▶ [TASK DESCRIPTION]: Could you copy exactly the lines below, beginning at the line with "Goliath Labs Single" and stopping after the line with "739ml / 500ml", with no pictures?

*** Opening of DATA PROVIDED ***

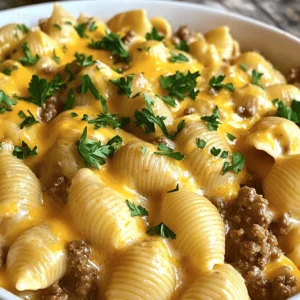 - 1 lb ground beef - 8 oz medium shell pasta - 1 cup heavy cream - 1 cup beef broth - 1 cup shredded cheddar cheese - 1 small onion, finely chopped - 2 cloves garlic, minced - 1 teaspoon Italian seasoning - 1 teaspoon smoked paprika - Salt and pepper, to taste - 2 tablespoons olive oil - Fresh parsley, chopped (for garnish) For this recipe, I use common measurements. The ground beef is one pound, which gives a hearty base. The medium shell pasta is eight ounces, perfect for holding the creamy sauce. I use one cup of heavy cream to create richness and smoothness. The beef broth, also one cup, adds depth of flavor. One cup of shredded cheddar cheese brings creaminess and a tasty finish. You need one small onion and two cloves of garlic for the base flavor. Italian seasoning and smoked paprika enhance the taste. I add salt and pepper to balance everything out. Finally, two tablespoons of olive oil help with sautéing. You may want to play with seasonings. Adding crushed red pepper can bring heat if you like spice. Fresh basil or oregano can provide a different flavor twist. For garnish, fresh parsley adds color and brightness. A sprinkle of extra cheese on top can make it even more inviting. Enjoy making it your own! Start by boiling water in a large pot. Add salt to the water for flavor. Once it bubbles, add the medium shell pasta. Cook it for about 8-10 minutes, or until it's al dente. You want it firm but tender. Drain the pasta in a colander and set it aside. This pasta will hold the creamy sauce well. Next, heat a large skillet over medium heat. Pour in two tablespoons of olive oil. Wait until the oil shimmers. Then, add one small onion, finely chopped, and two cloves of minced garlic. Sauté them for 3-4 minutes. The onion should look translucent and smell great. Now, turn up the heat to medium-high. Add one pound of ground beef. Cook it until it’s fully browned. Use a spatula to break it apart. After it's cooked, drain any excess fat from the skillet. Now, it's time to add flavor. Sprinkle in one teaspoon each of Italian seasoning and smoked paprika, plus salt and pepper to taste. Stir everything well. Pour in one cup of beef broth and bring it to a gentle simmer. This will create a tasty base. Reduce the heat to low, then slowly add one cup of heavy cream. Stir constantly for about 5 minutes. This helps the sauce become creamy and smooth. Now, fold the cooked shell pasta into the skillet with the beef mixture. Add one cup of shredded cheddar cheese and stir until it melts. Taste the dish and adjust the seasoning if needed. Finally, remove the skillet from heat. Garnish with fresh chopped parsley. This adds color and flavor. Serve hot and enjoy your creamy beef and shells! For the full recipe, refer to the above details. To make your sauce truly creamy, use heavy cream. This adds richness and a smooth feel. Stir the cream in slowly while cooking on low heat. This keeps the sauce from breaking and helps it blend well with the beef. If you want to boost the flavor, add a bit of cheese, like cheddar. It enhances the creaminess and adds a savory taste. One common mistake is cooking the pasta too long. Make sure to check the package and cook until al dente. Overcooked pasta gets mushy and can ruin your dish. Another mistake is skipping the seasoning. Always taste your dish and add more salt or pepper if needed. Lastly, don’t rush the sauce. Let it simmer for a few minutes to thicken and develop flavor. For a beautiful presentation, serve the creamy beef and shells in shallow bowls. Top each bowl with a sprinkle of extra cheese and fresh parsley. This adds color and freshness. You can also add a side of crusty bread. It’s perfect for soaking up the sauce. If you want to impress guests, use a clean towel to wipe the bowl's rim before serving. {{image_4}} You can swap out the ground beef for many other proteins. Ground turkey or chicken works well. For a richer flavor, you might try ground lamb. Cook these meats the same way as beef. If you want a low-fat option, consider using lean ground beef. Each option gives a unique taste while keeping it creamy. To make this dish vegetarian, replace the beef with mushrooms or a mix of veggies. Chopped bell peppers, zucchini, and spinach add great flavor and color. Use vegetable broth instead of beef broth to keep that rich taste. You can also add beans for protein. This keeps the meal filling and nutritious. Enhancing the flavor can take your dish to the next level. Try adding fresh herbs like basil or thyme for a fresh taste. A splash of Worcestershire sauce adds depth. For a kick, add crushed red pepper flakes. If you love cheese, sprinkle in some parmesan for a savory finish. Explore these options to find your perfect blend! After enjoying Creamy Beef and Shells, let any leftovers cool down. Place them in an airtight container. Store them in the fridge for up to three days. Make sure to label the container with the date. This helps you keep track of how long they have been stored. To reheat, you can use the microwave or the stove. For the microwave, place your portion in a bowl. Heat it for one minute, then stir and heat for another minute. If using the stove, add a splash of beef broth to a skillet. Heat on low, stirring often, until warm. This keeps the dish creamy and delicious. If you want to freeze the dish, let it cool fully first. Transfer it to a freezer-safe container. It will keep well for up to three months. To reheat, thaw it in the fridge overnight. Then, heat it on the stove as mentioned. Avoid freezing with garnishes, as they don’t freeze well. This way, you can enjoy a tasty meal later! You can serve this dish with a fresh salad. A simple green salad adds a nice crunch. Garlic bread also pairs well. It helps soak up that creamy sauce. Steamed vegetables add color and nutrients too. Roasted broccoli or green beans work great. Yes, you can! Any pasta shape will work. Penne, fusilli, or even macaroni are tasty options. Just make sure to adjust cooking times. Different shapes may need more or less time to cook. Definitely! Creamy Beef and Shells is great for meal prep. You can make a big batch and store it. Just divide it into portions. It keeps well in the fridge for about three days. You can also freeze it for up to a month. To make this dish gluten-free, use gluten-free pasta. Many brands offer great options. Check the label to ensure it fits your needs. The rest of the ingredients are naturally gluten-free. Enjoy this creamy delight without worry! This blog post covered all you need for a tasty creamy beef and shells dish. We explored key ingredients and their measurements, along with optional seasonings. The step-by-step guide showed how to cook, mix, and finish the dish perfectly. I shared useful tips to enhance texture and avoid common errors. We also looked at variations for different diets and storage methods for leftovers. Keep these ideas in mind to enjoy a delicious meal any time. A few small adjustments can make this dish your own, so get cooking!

*** Close of DATA PROVIDED ***
*** Opening of DATA PROVIDED ***

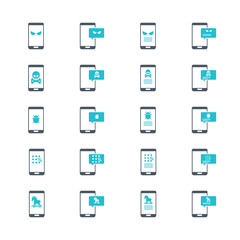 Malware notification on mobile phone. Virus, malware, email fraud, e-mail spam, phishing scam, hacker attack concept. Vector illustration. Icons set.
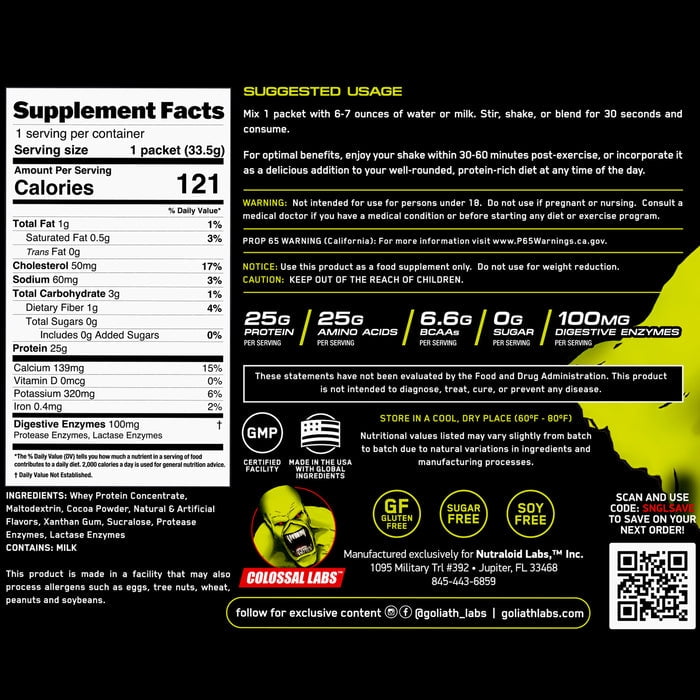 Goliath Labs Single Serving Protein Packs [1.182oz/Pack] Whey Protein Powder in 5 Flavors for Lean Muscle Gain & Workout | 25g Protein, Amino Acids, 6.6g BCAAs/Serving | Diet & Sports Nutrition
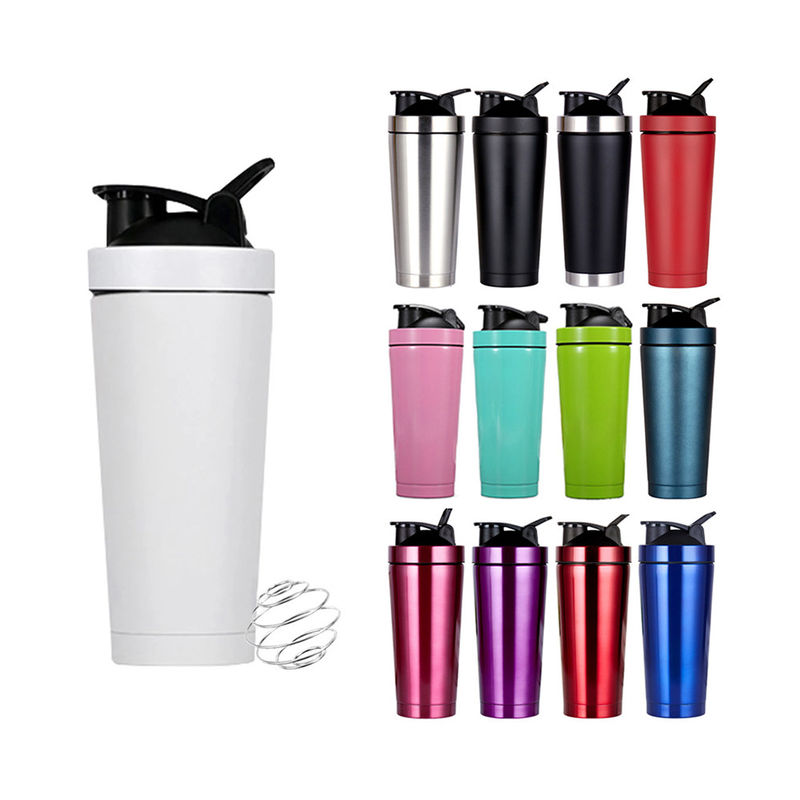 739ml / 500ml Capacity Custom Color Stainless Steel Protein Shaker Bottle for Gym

*** Close of DATA PROVIDED ***

▶ [OUTPUT BELOW]:
 Goliath Labs Single Serving Protein Packs [1.182oz/Pack] Whey Protein Powder in 5 Flavors for Lean Muscle Gain & Workout | 25g Protein, Amino Acids, 6.6g BCAAs/Serving | Diet & Sports Nutrition
 739ml / 500ml Capacity Custom Color Stainless Steel Protein Shaker Bottle for Gym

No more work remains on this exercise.